Emotional Intelligence is about being able to understand oneself better being self-aware of our passion, emotions, strengths, weaknesses and to have the ability to manage them, regulate them for positive mindset and outcomes. Another aspect of emotional intelligence are the social skills, understanding and being aware of how people feel the ability to listen to them and understand them. Empathize with them and manage people emotions with sensitivity and care. Manage conflicts and have effective conversations building strong relationships, high performing teams and happy employees. Leaders need empathy in dealing with people in their day-to-day functions. Leaders with high emotional intelligence influence people positively and are great in bringing high inspirational environment.
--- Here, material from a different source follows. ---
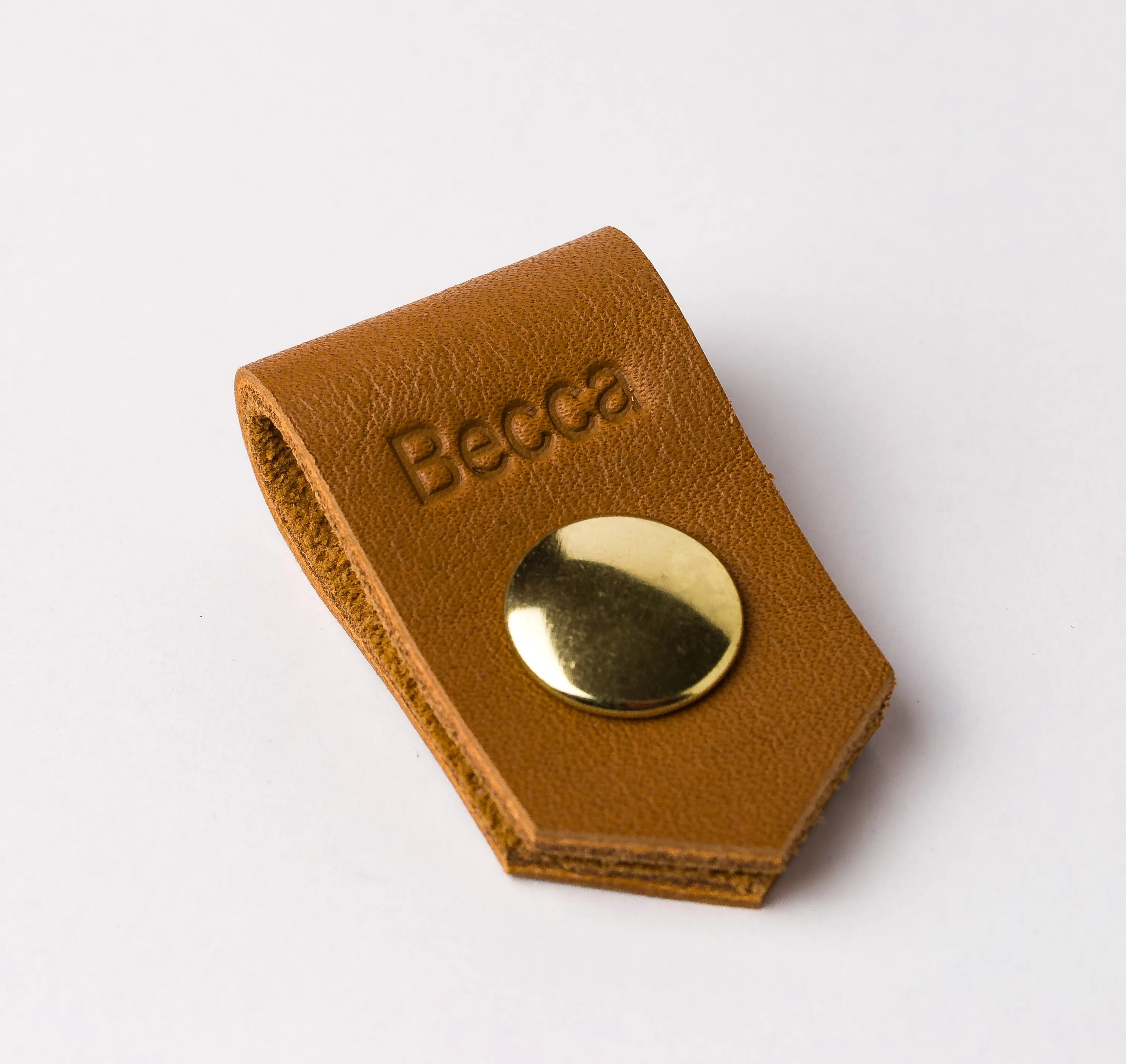 Small Cord Holder [Snap Closure]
Emotionally intelligent people and leaders are able to foster talent, deal with conflicts and have healthy relationships. They are able to understand different emotions and label them appropriately and use those signals to guide thinking and behavior. Emotionally intelligent leaders are very effective in fostering a positive environment for performance and retention of employees. Emotionally Intelligence organizations are able to bring collective self-awareness, learning from each other and integrated self-management. Strong qualities of people and leaders who have high emotional intelligence are perseverance, grit, attitude to never give up, consistency, empathy, calm in crisis, have great relationships and know how to manage failure. Successful leaders are highly emotionally intelligent and are effective in conflict resolution, successful negotiation and enhancing personal and professional relationships.
Mind - Body - Emotions
Mind – Body - Emotions are integrated and one change in any affects the other. Emotions are critical to mental health, job performance, and leadership skills in organizations. Emotional intelligence being such an important component, can be further developed by practice daily, by participating in professional learning through EI workshops and trainings, creating a space in life to slow down and self-assess, introspect, to integrate sensitivity to people’s emotional needs by listening, empathizing and effective social interactions.